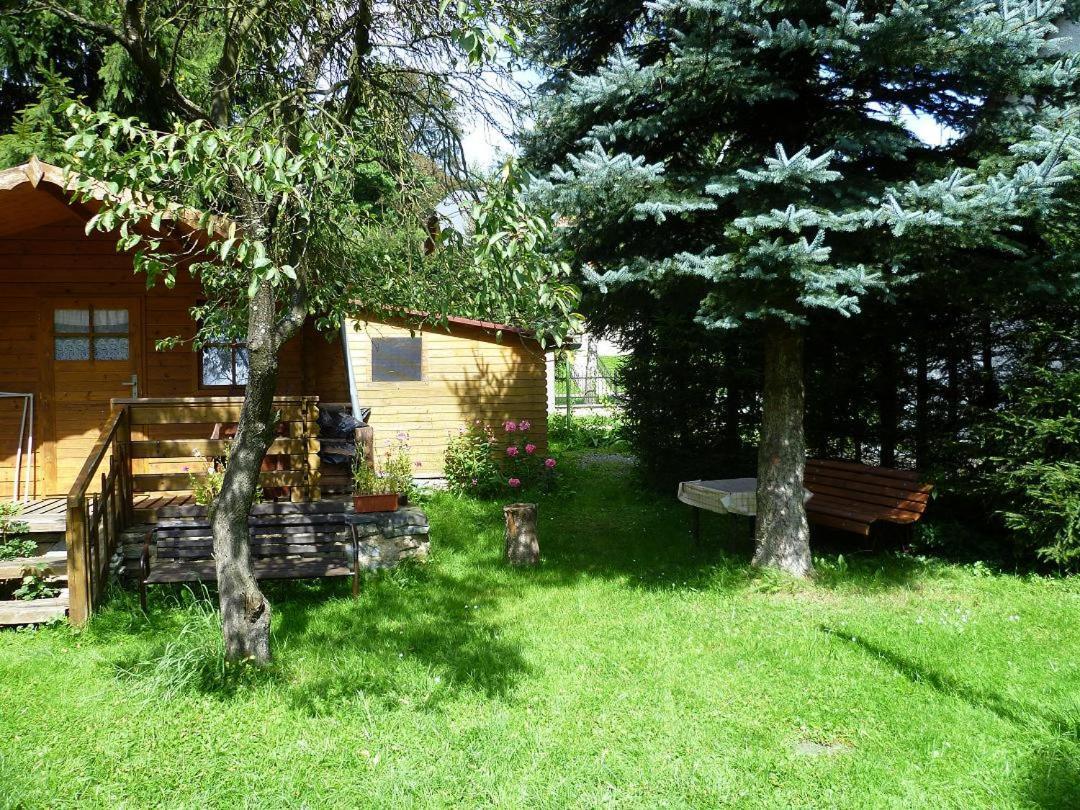 Apartmany Plischke Lipova Lazne Exterior photo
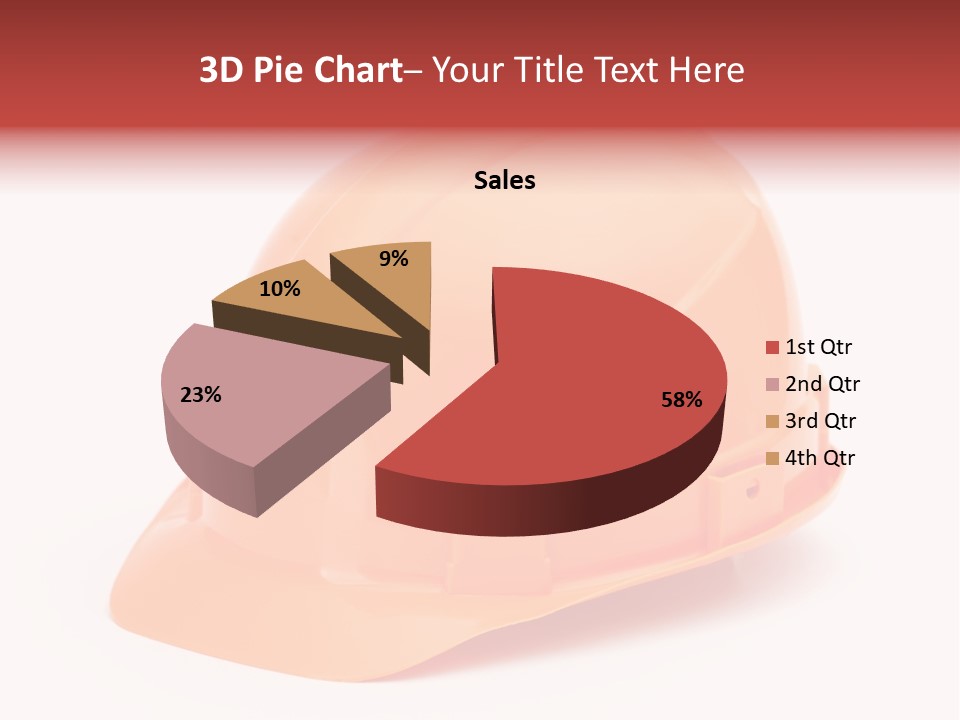 Tool Hat Isolated PowerPoint Template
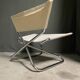 Erik Magnussen Z Down Folding Chairs by Torben Orskov 1960's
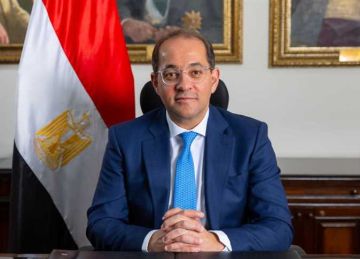 قرار من وزير المالية بتكليف ياسر العتوي مديرا عاما للصادر بجمارك الإسكندرية قرار من وزير المالية بتكليف ياسر العتوي مديرا عاما للصادر بجمارك الإسكندرية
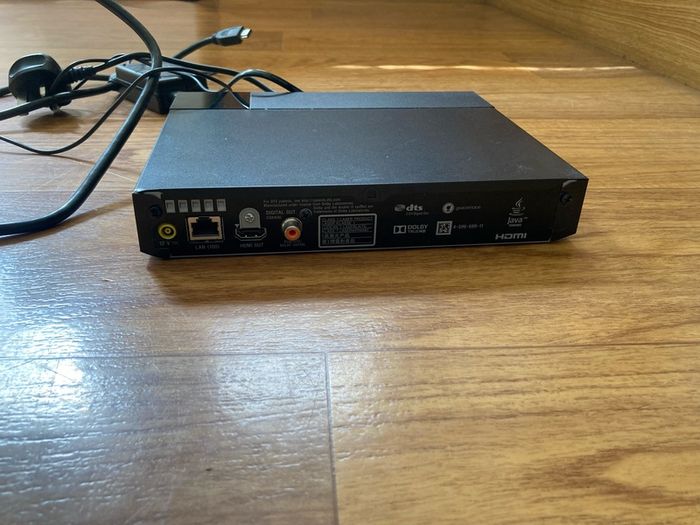 Blu-Ray DVD Player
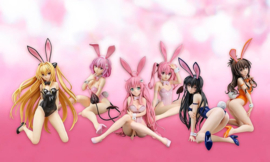 (Pre-order) To Love-Ru Darkness PVC Figure 1/4 Lala Satalin Deviluke: Bare Leg Bunny Ver. 280mm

*-*-*

YOUR ASSIGNMENT: Return all of the material exactly, without pictures.

ANSWER TO THE PROBLEM:
 Apartmany Plischke Lipova Lazne Exterior photo
 Tool Hat Isolated PowerPoint Template
 Erik Magnussen Z Down Folding Chairs by Torben Orskov 1960's
 قرار من وزير المالية بتكليف ياسر العتوي مديرا عاما للصادر بجمارك الإسكندرية قرار من وزير المالية بتكليف ياسر العتوي مديرا عاما للصادر بجمارك الإسكندرية
 Blu-Ray DVD Player
 (Pre-order) To Love-Ru Darkness PVC Figure 1/4 Lala Satalin Deviluke: Bare Leg Bunny Ver. 280mm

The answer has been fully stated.